_What is needed_
Please restate the data that follows word for word, with the pictures left out.

_Provided data_
·····

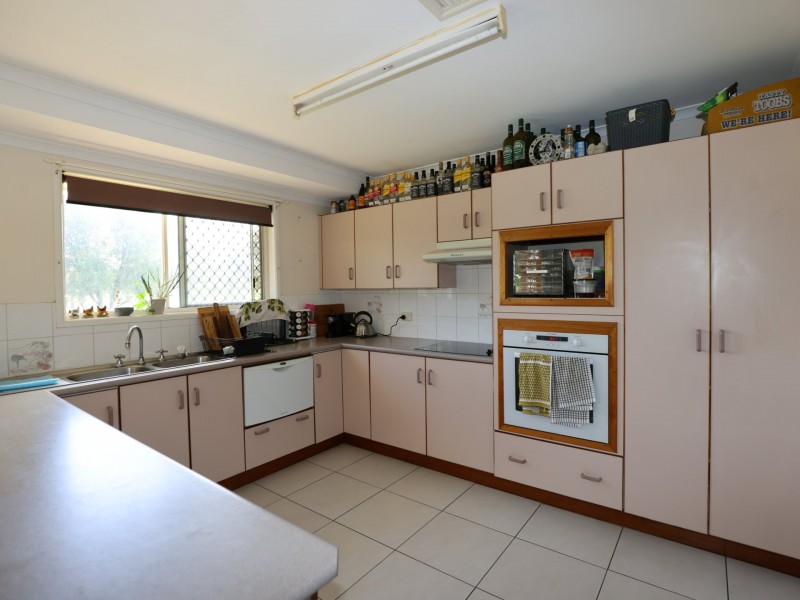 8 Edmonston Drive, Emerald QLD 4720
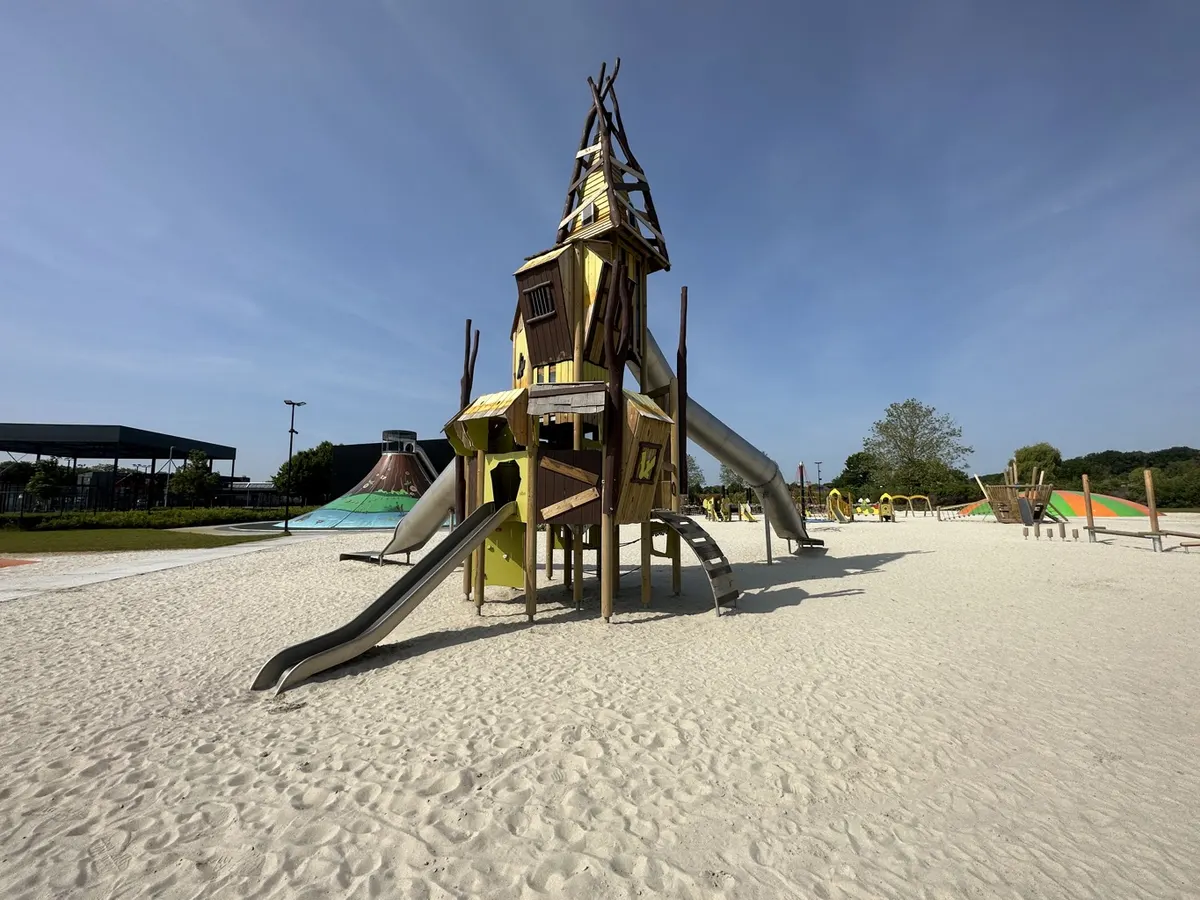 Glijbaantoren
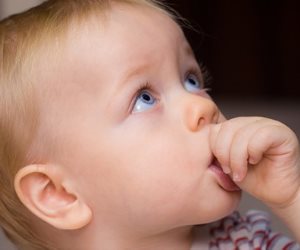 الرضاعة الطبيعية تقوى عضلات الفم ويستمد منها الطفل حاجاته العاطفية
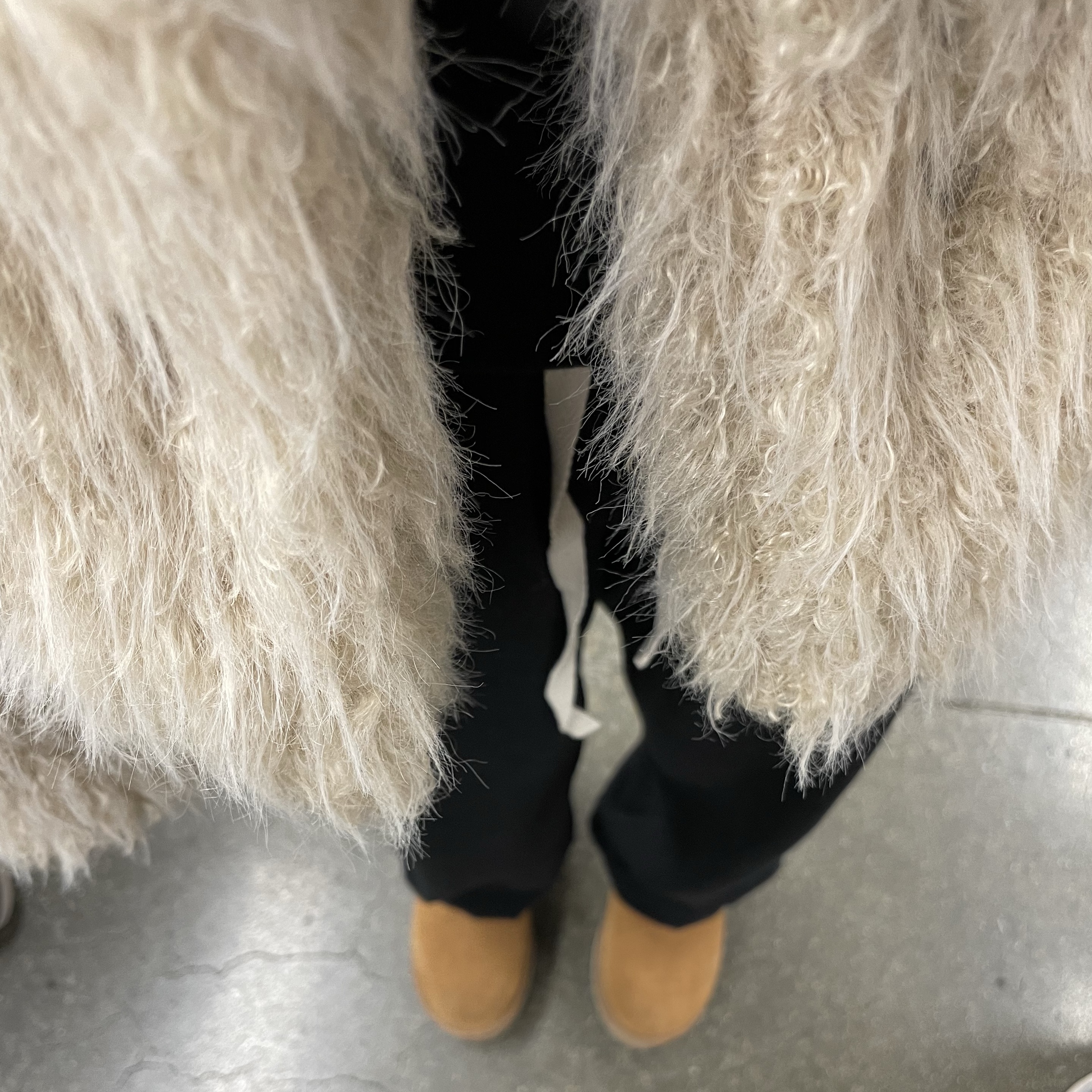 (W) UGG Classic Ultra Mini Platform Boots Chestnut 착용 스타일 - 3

·····

_Answer to the exercise_
 8 Edmonston Drive, Emerald QLD 4720
 Glijbaantoren
 الرضاعة الطبيعية تقوى عضلات الفم ويستمد منها الطفل حاجاته العاطفية
 (W) UGG Classic Ultra Mini Platform Boots Chestnut 착용 스타일 - 3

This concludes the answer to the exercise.